A few blogs ago, I wrote jokingly about Life Sponsors in a way that was clearly tongue in cheek. Today, I read in the Sunday New York Times about sponsored weddings. Maybe I was having a Nostradamic moment. Having a daughter who will no doubt one day want a wedding that I will have to pay for, and knowing that they cost as much a BMW convertible, I think this idea is killer perfect.
Apparently it’s hardly a new thing on the wedding circuit and is happening all over the country. According to some wedding expert, the national cost of a wedding is $28,000. No wonder AirTran got nearly 230 requests for “wedding sponsorships” last year. They cut checks on four of them. Another couple recently got a $100,000 wedding sponsored in a baseball park by the Cyclones (a Minor League team), 1800flowers.com, the Broadway Mall, The Staten Island Hotel and Entenmann’s. What did the sponsors get for their trouble? Logos everywhere and mentions in news stories and blogs like this one. Sounds like my Life Sponsor.
There were 7,500 tickets sold to this affair. Some wedding planning honchos claim this is crass commercialization of an intimate time in someone’s life. Really? And who is getting that 28 grand mentioned up there? Wedding planning honchos?
I say we expand this thing to include other events in people’s lives. Births? Here you go: Gerber and Pampers fork over enough to send the newborn to Harvard in 18 years. For that they get a fresh logo on the baby’s butt and the mom screams their taglines during contractions. Video at 11. Surely that would make it on the “Today” show, or “Regis,” at least.
Divorces are perfect for sponsorships. Graduations and birthdays are naturals. Vacations? Perfect. Having a colonoscopy or a triple bypass? Let’s do a podcast and line up some sponsors. This is what you do with all that multicasting bandwidth I’ve been hearing about in media circles. Been arrested? Get a sponsor.

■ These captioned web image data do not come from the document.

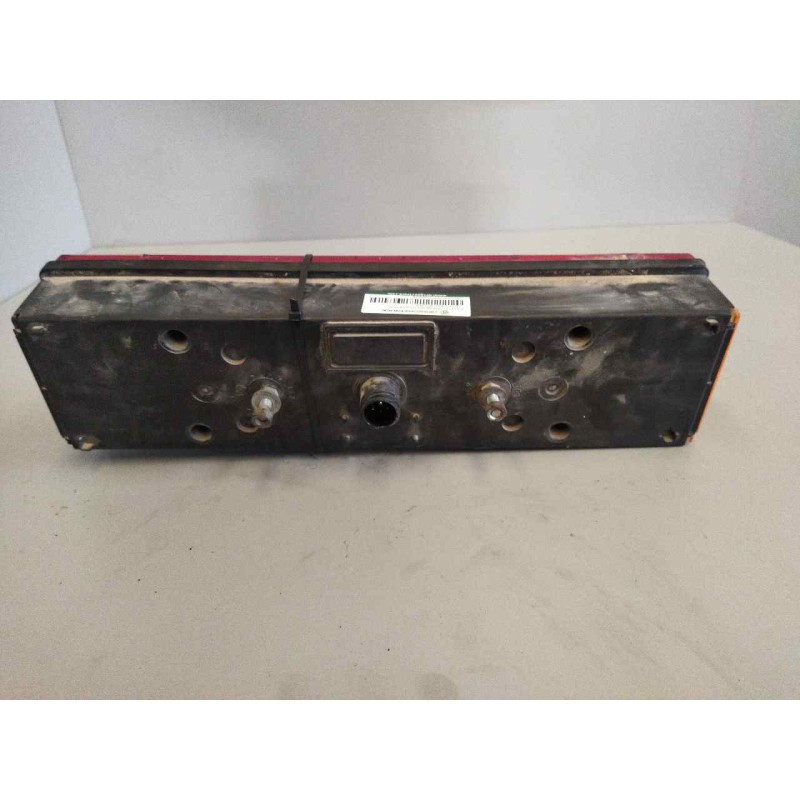 Recambio de piloto trasero izquierdo para . no identificado referencia OEM IAM   PILTO UNIVERSAL CAMION 2
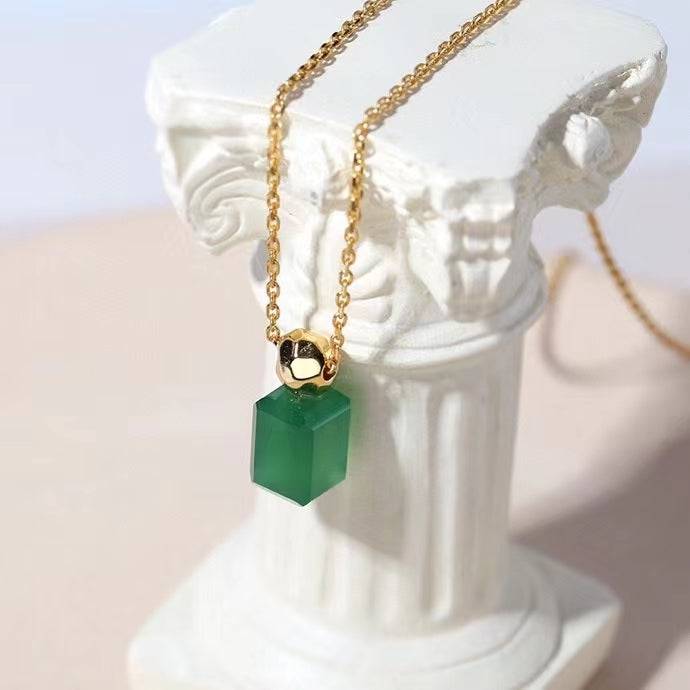 Jade and Green Agate Necklace With Agate Pendant 49 Cm Woman - Etsy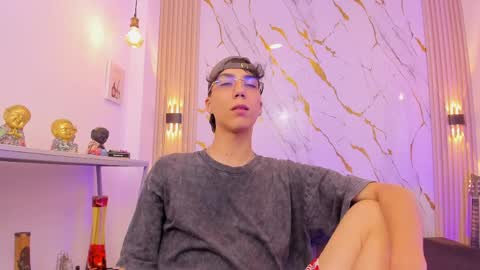    online show from April 8, 2026, 4:23 am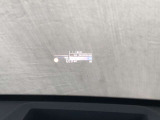 HUD: ヘッドアップディスプレイはドライバーが前方に集中できるよう、ナビや車速情報をフロントガラスに投影するシステムです。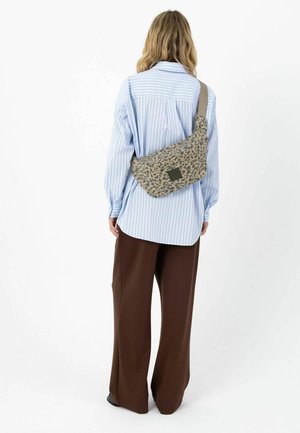 Coster Copenhagen IN BLURRY LEO - Sac banane - faded leo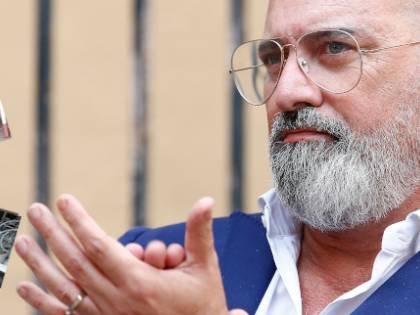 La legge Bonaccini sui nomadi che fa "moltiplicare" i campi rom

Imagine my funeral held at halftime of the Super Bowl and sponsored by Nike and Coke. At the end of the remarks by the presidents of the sponsoring companies, they light up a Viking pyre and cremate me right there on the 50. They had the Stones this year. What would you rather see: Sixty-five year-old men in spandex swinging their arm flaps or a dead man on fire? That’s what I thought. I’m calling Nike right now.